Inverse Uncertainty Quantification
Inverse uncertainty quantification (inverse UQ) is used when some of the input parameters have unknown probability distributions, known as calibration parameters. Using inverse UQ, experimental data can be propagated backward to gain insight into the statistical properties of these calibration parameters. In order to apply inverse UQ, a prior probability distribution is required for each calibration parameter before the analysis can be conducted.

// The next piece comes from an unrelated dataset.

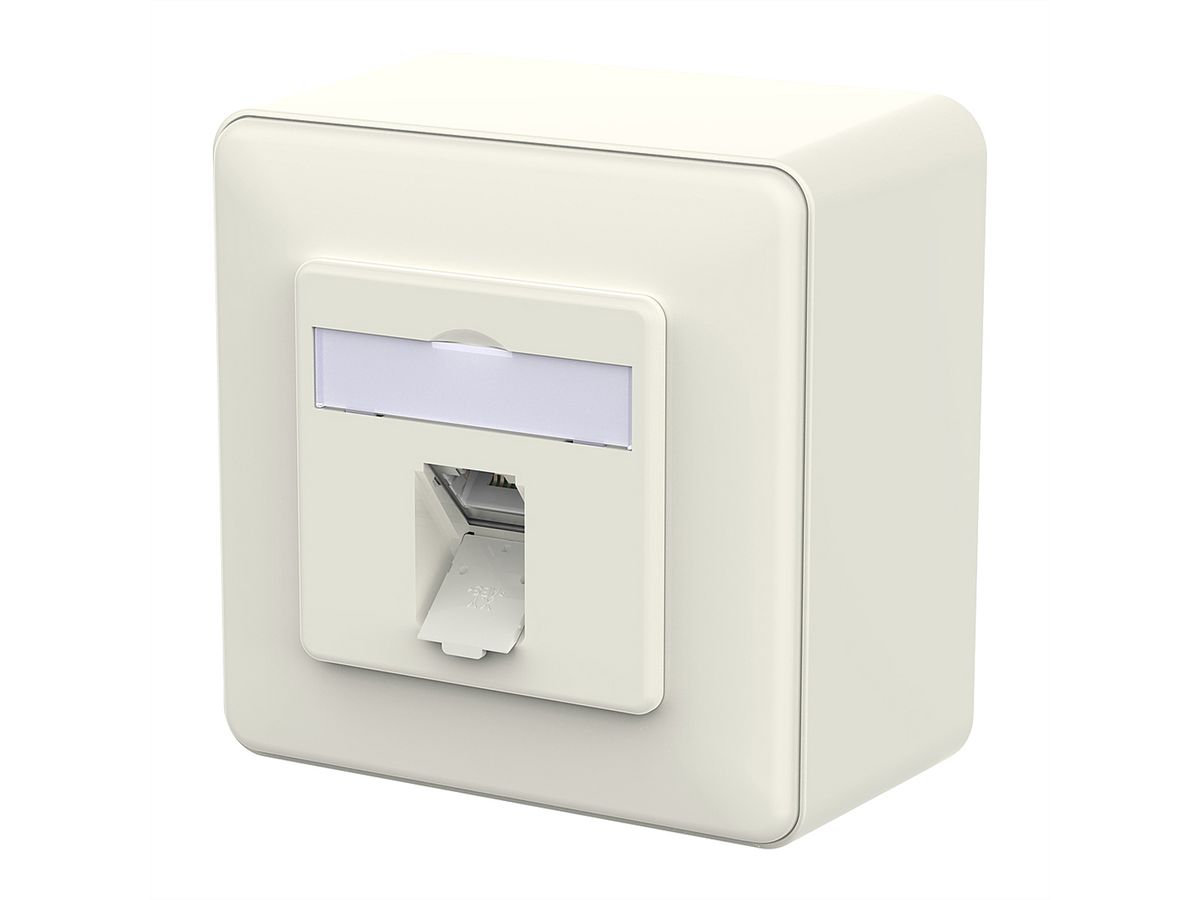 METZ CONNECT E-DAT C6A IDC Prise, 1 port, apparent (AP), blanc pur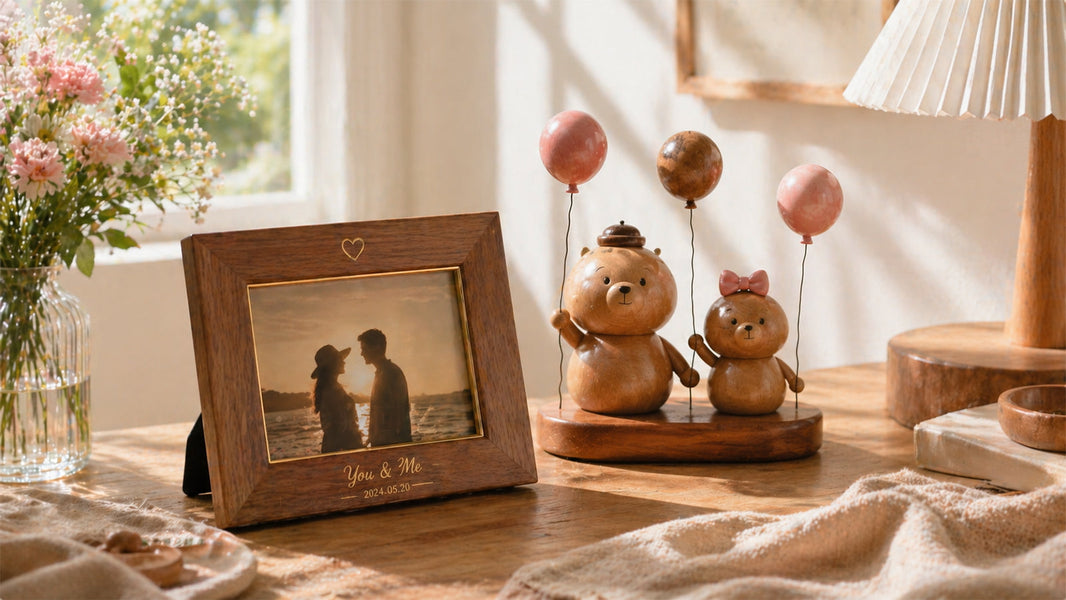 jwGifts curated keepsake gifts collection - handcrafted wooden photo frames, music boxes, and decor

Experimental data is typically available for the quantities of interest and the parameters used in experiments. There are also calibration input parameters that cannot be directly measured. For instance, consider an experiment where we want to calibrate the Young's modulus of a mechanical part. We should conduct an experiment that measures the tensile stress as a function of the specified material displacement. An inverse UQ study should then be set up to use the experimental data and prior knowledge of the Young's modulus to calibrate the probability distribution that would best reproduce the measured values of the tensile stress from the experiments. Inverse UQ can be applied to a wide range of physics-based models, including those related to structural mechanics, fluid flow, acoustics, heat transfer, electromagnetics, and chemical engineering.
To make the computation of the calibration parameters' posterior probability distributions feasible, a surrogate model is used together with a Markov chain Monte Carlo (MCMC) method. After the computation, the joint and marginal probability distributions of the calibrated input parameters can be visualized. Additionally, a confidence interval table is generated that provides information such as the mean; the standard deviation; the minimum and maximum values; and the lower- and upper-bound values corresponding to confidence levels of 90%, 95%, and 99% for each calibrated input parameter.